For Chmerkovskiy, who wed his fellow Dancing with the Stars pro dancer in 2017, the first miscarriage was the lowest point in their relationship.
“I think the darkest part is when the person you are in love with calls you and she says that she had a miscarriage in the bathroom, that’s as dark as it can get,” he says.
“I was completely embarrassed, ultimately ashamed. I didn’t even know how to utter the words and have that sentence come out of my mouth: I had a miscarriage,” says an emotional Murgatroyd. “I’m somebody who prides herself on health wellness. I exercise every single day. But as I came to realize, that doesn’t really go hand-in-hand with the reproductive system.”

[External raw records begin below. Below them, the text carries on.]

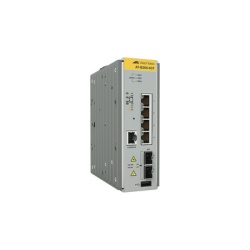 ALLIED TELESIS AT-IE200-6GT-80 Switch Industrial Administrable Capa 2 de 4 Puertos 10/100/1000 Mbps + 2 Puertos SFP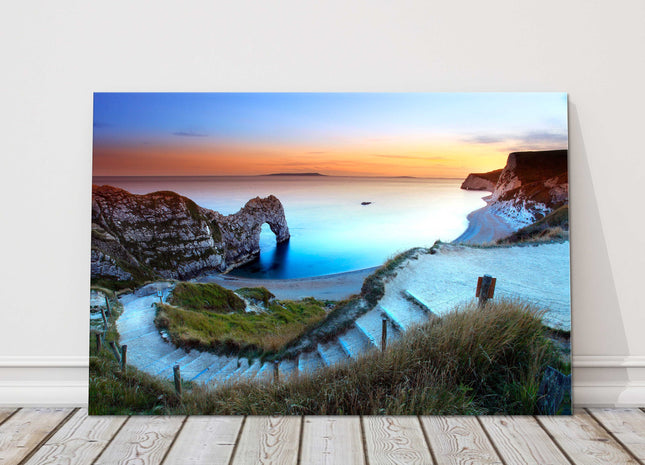 Durdle Door at sunset dorest canvas picture pirnt jurassic coastline landscape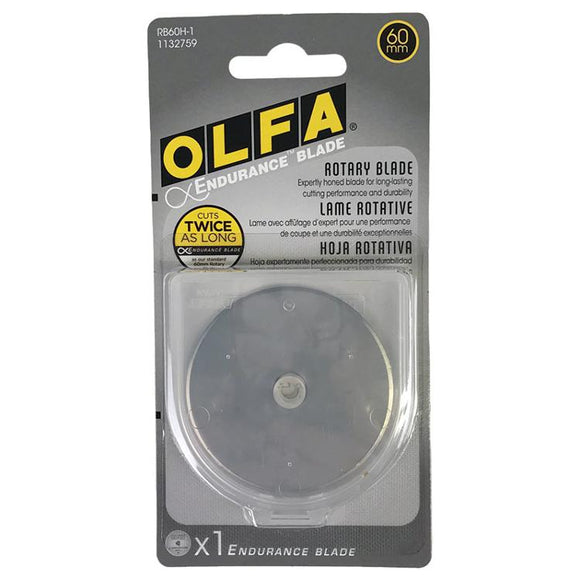 OLFA 1132759 RB60H Endurance Blades Rotary Cutter 60mm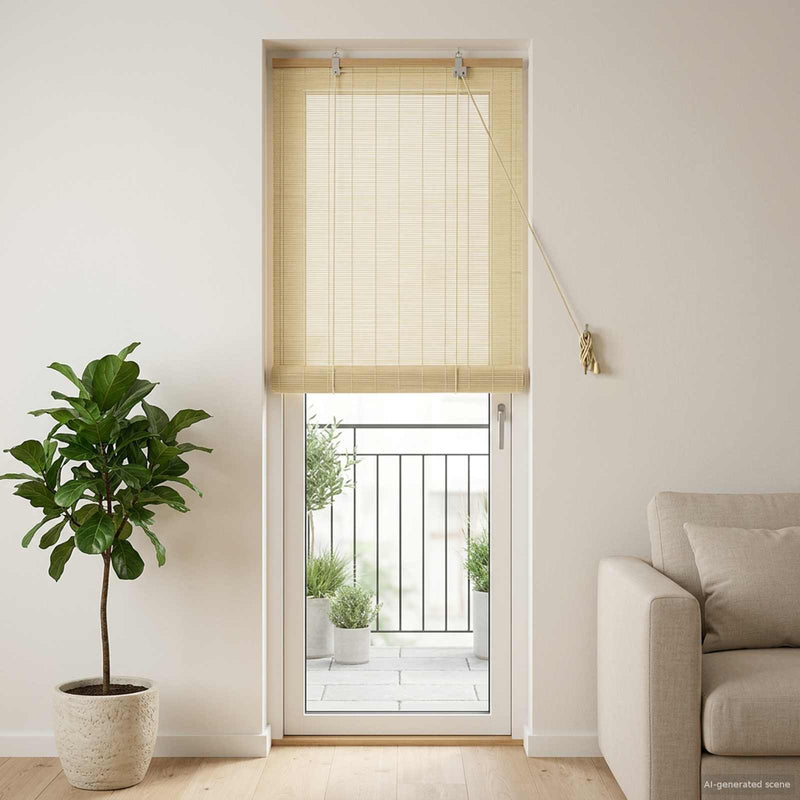 Rulou textil natural 40 x 220 cm Bambus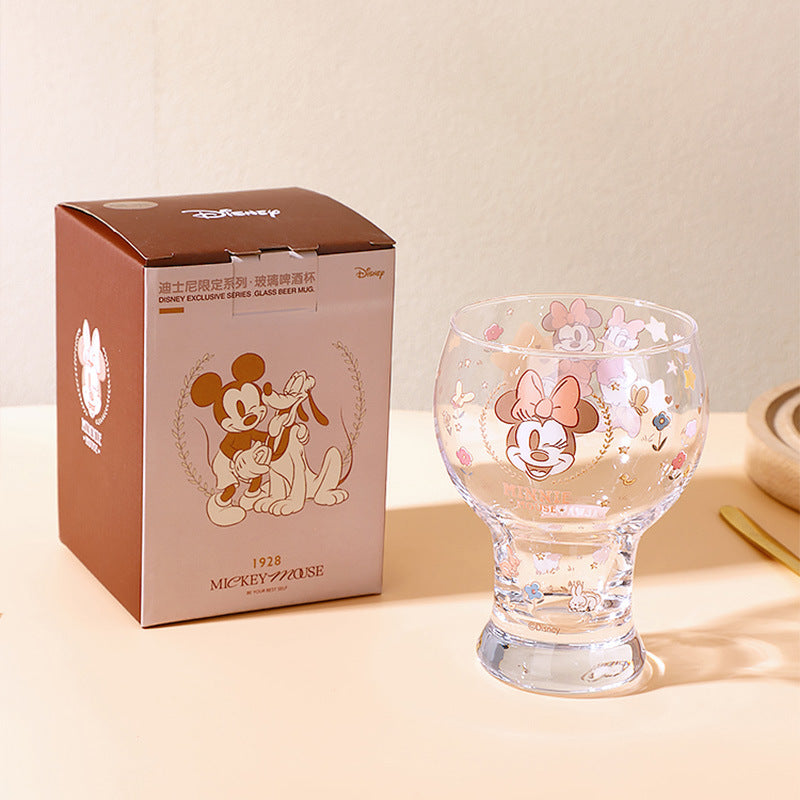 Disney Magic Glass Cute High-Foot Juice & Cold Drink Cup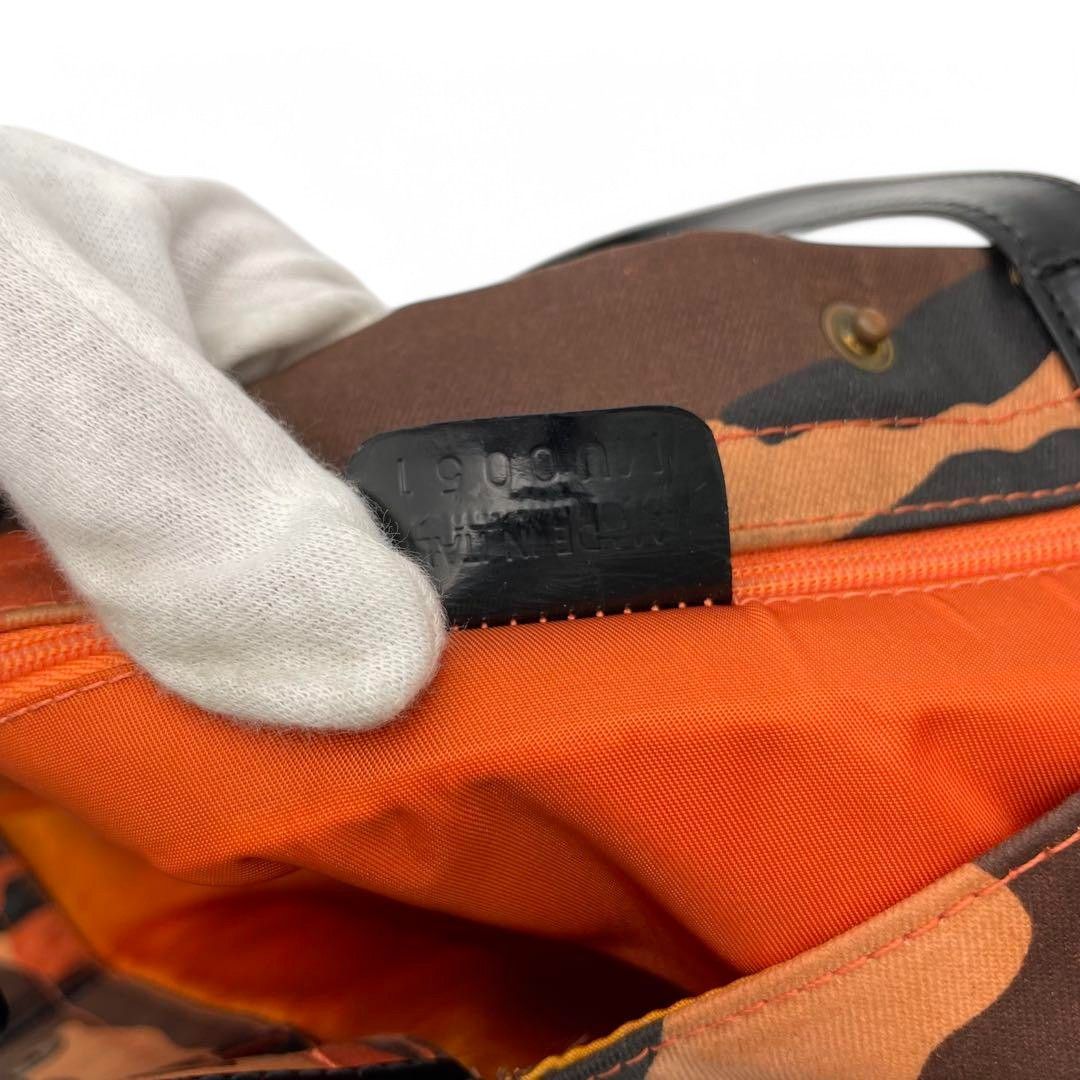 Dior Dior - Miss Tote Handbag Camo Orange Black Vintage Trotter Size ONE SIZE - 8 Thumbnail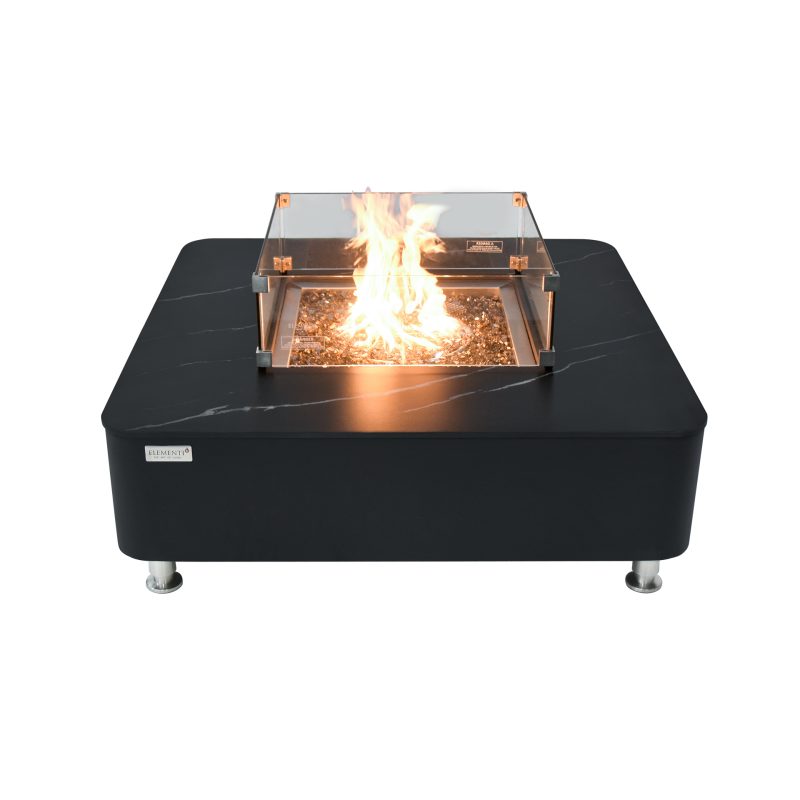 ELEMENTI PLUS ANNECY Marble Porcelain Fire Table OFP101BB - Image 5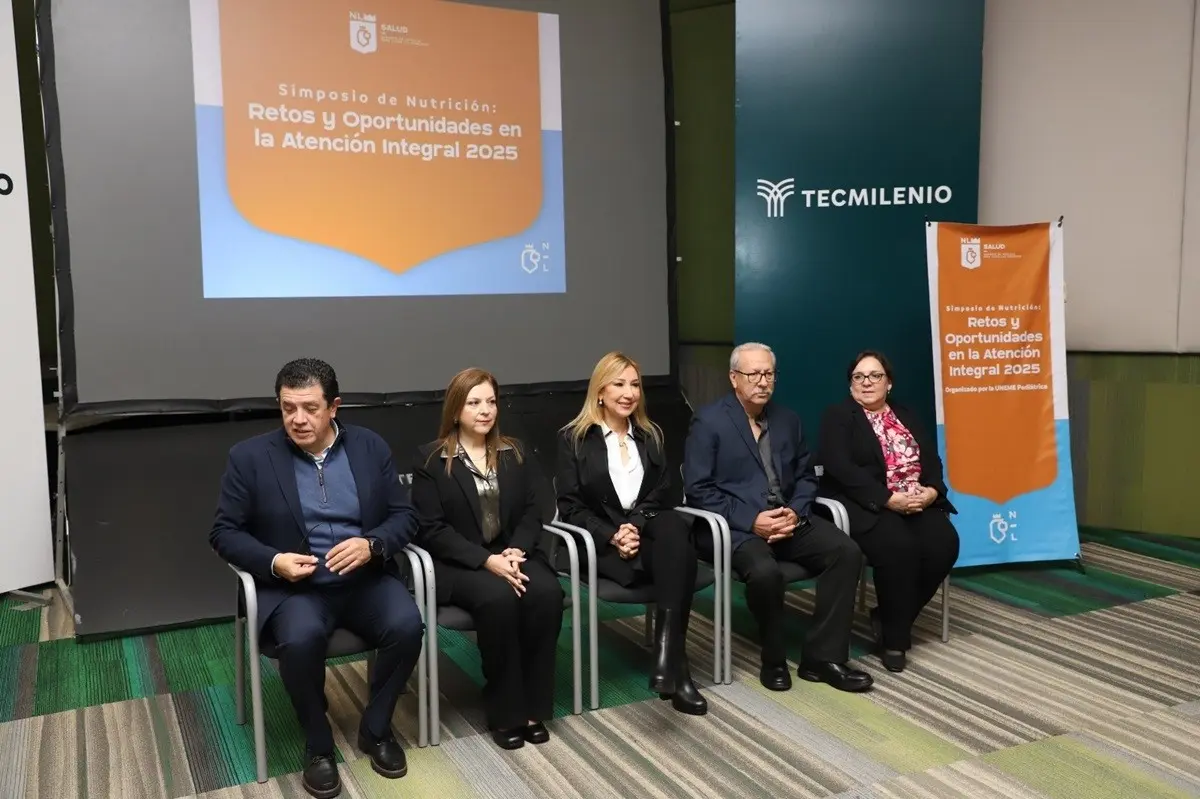 Alma Rosa Marroquín inaugura simposio de nutrición en Monterrey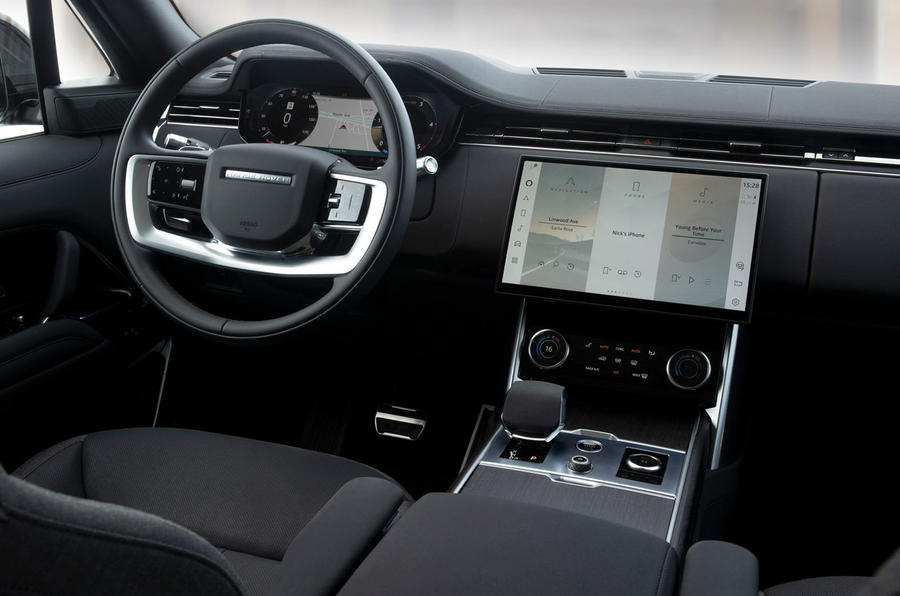 8 Land Rover Range Rover 2022 : premier essai, tableau de bord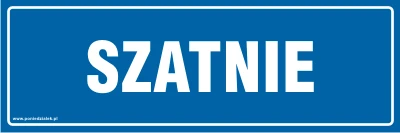 Tabliczka informacyjna AT512   Szatnie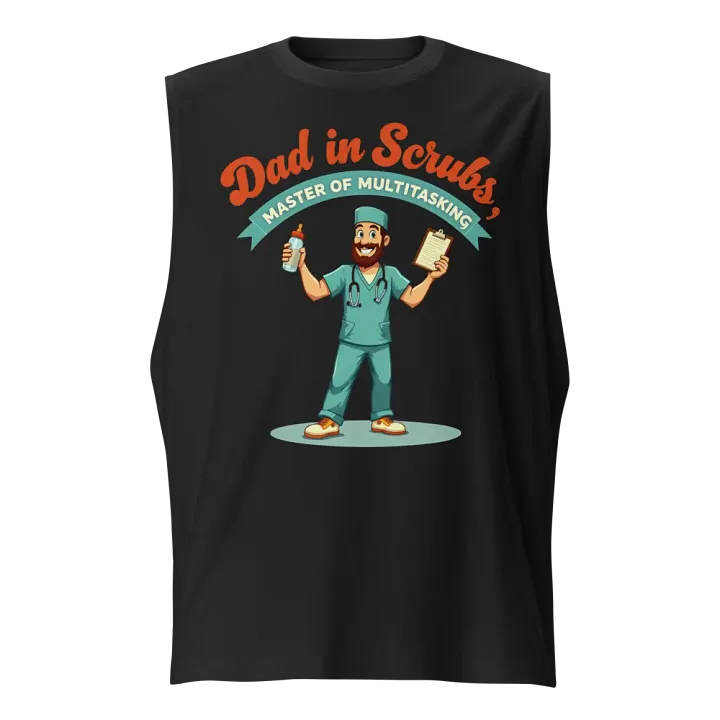 Multitasking Dad Muscle Tank product image (1)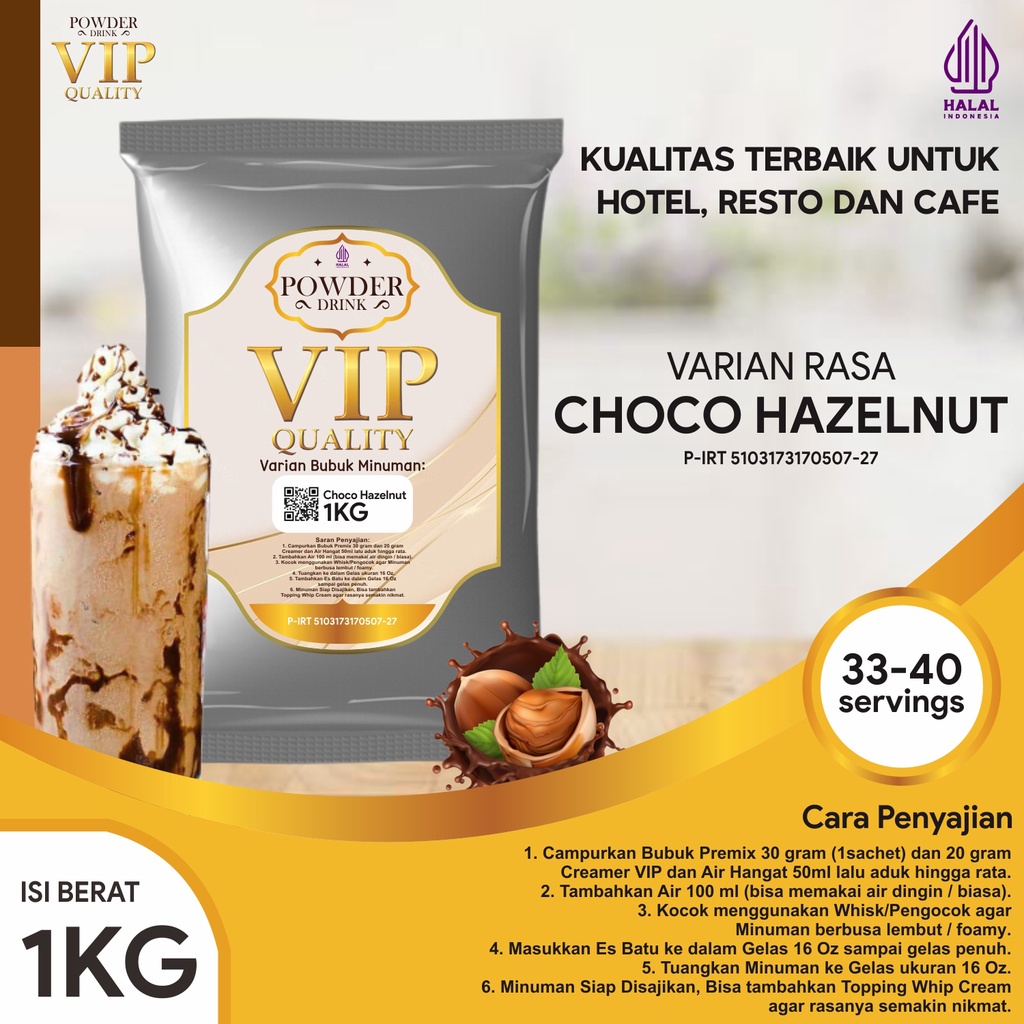 

COD Bubuk Minuman Kualitas VIP Rasa Choco Hazelnut 1 Kg Coklat Hazelnut Bubuk Minuman Kelas VIP Boba Drink Powder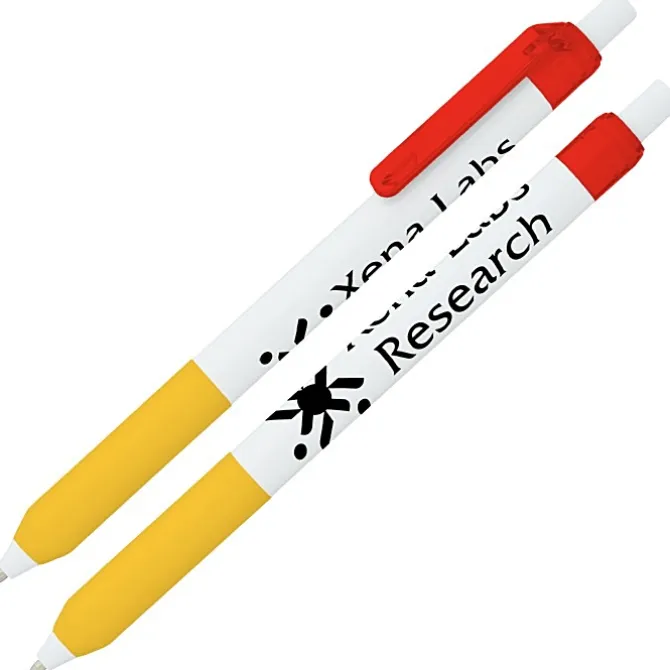 Alamo Pen - White - Translucent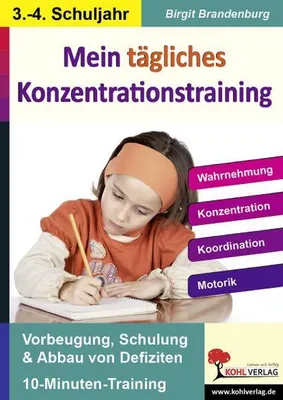 Obrázek produktu pro Kohls Konzentrationstraining -  3.-4. Schuljahr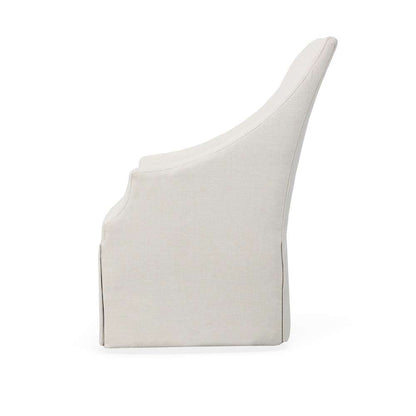 Century Furniture - Century Chair Off-white Meadow Host Chair With Casters - 3385A-C-V1 veiw 3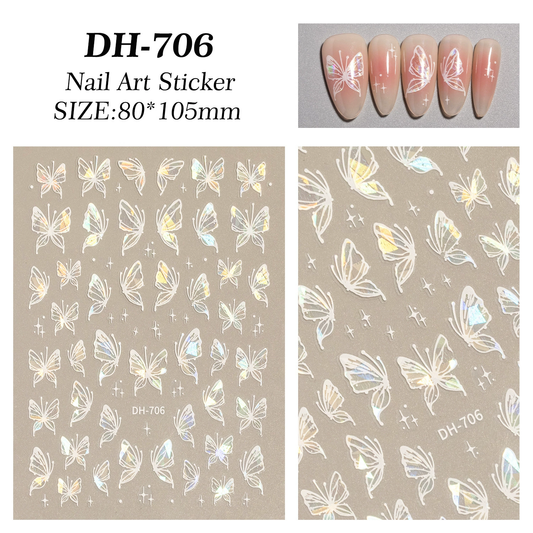 Aurora Nail Sticker DH-706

“With the trauma, I took a very long time to get over it,” she continues. “It was months and months of crying most nights in bed by myself, crying in the shower, it was a lot of denial. What had I done wrong?”
Nine months later, Murgatroyd was pregnant again and making plans to fly to New York to meet up with Chmerkovskiy and surprise him with the news. Days before she was scheduled to fly out, Murgatroyd miscarried.
“I had to call him and say, ‘It’s happened again,’ ” she says, instantly tearing up. “This was the first time that I heard him get really upset, which was hard to hear because I know how it affects him too.”
Now, Chmerkovskiy admits to PEOPLE, “I never thought that two healthy, athletic people could be in a predicament like this. It’s a lot to process.”
“I try to do my best in supporting Peta. I’m a changed man because of this experience,” he adds. “I think that if you look around, you will find that most of your friends have had issues [trying to conceive]. I realized that this is more common and this is not being talked about.”
As Murgatroyd worked through her emotions, she became determined to seek answers.
“When? Why me? Why can’t I have another child when it was so easy in the past?” she says. “All of these questions just really bothered me and that’s what brought me to finally see a specialist.”
The couple are now working with a team of fertility doctors and have started the process of in vitro fertilization. They’re hopeful their son Shai will soon have the sibling they have longed to give him
“For the first time in nearly two years, I feel excited,” says Murgatroyd, who doctors believe has Polycystic Ovary Syndrome, a hormonal imbalance that can cause ovulation issues, leading to infertility. “I’m in a much happier place. I got answers.”
Adds Murgatroyd, “I don’t have any other words but hope and positivity. I’m crossing my fingers that this is going to work.”